- Born: September 13, 1833 German Flatts, New York
- Died: July 14, 1901 (aged 67)
- Buried: Hinsdale, New York
- Allegiance: United States of America
- Branch: United States Army
- Service years: 1862 - 1865
- Rank: Private
- Unit: Company H, 121st New York Volunteer Infantry
- Conflicts: Battle of Sailor's Creek American Civil War
- Awards: Medal of Honor

= Benjamin Gifford =

Benjamin Gifford (September 13, 1833 - July 14, 1901) was an American soldier who fought in the American Civil War. Gifford received his country's highest award for bravery during combat, the Medal of Honor. Gifford's medal was won for capturing the flag during the Battle of Sailor's Creek on 6 April 1865. He was honored with the award on May 10, 1865.

Gifford was born in German Flatts, New York. He joined the Army in August 1862, and mustered out with his regiment in June 1865. Gifford was buried in Hinsdale, New York.

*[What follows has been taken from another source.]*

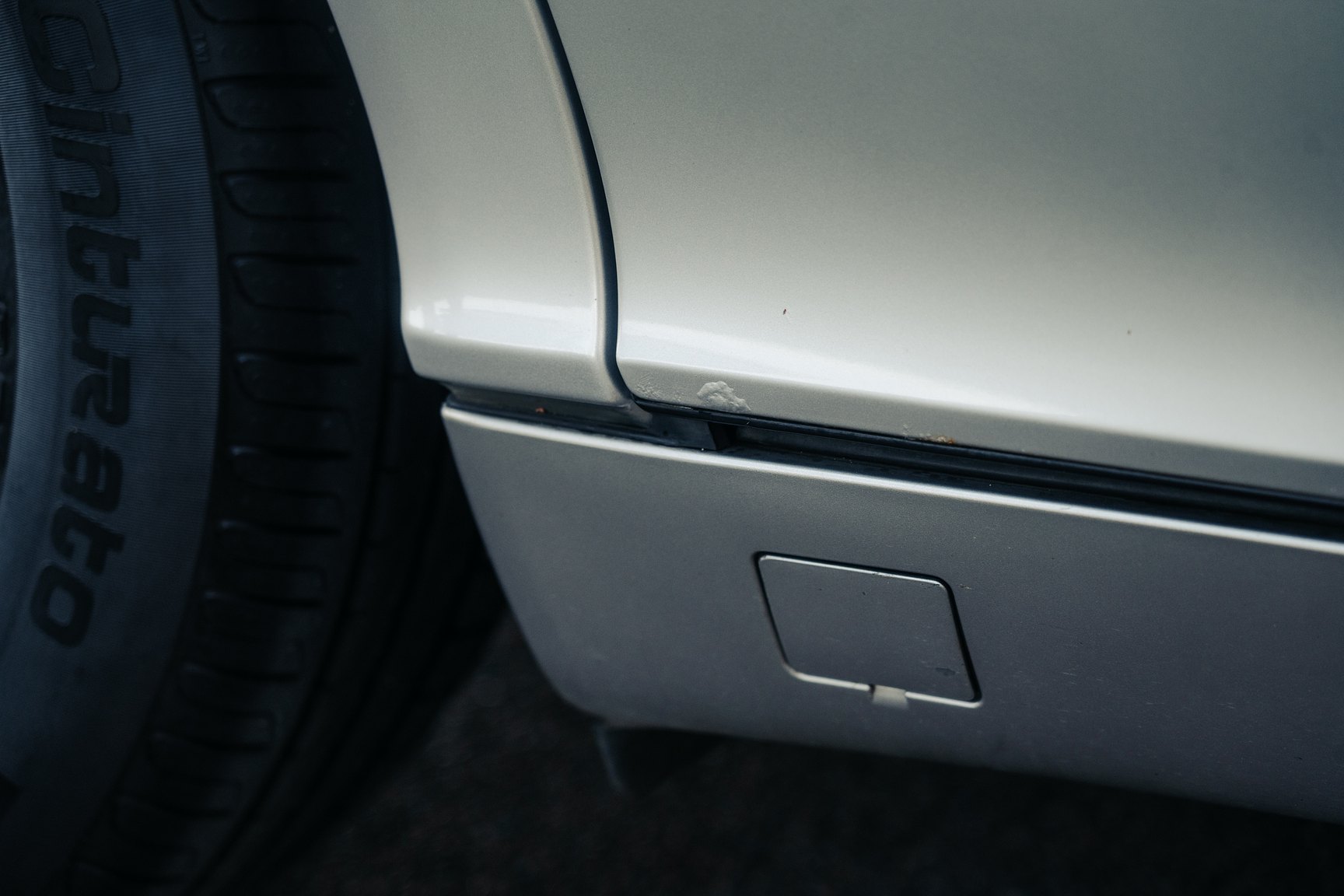 Exterior image of 1999 Mercedes-Benz S 320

==Medal of Honor citation==

The President of the United States of America, in the name of Congress, takes pleasure in presenting the Medal of Honor to Private Benjamin Gifford, United States Army, for extraordinary heroism on 6 April 1865, while serving with Company H, 121st New York Infantry, in action at Deatonsville (Sailor's Creek), Virginia, for capture of flag.